- _REQUIRED WORK_
Give again, word for word, the line holding "Renault Grand Scenic" and every line after it through the end of the data below. Omit pictures.

- _RAW DATA_

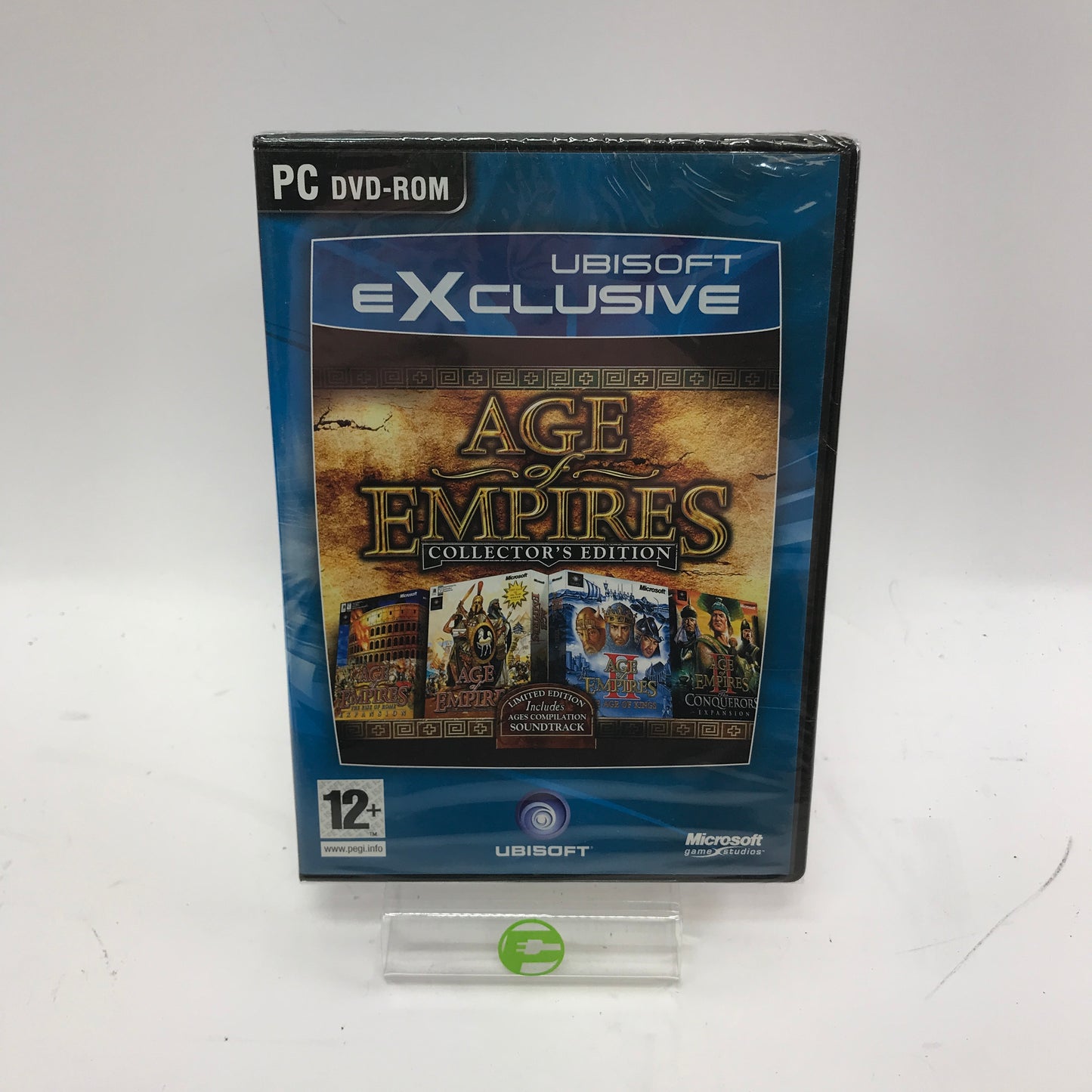 New Age of Empires Collector's Edition  (PC, 2003) Factory Sealed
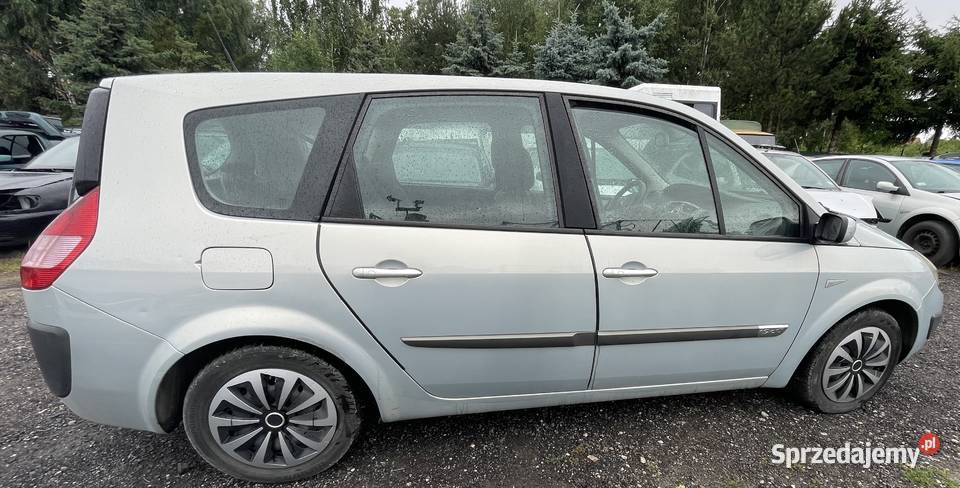 Renault Grand Scenic II 19 NV632 ND0002 F9Q812 Piotrków Trybunalski
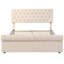 Ottoman Storage Bed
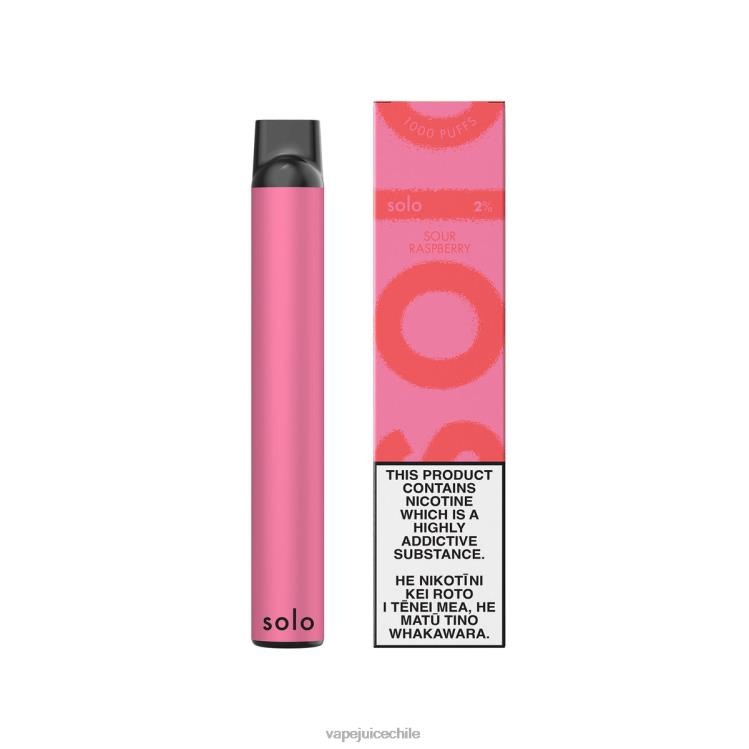 Vape Chile frambuesa agria - Solo vaporizador desechable 4V4T813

- _RESPONSE_
 Renault Grand Scenic II 19 NV632 ND0002 F9Q812 Piotrków Trybunalski
 Ottoman Storage Bed
 Vape Chile frambuesa agria - Solo vaporizador desechable 4V4T813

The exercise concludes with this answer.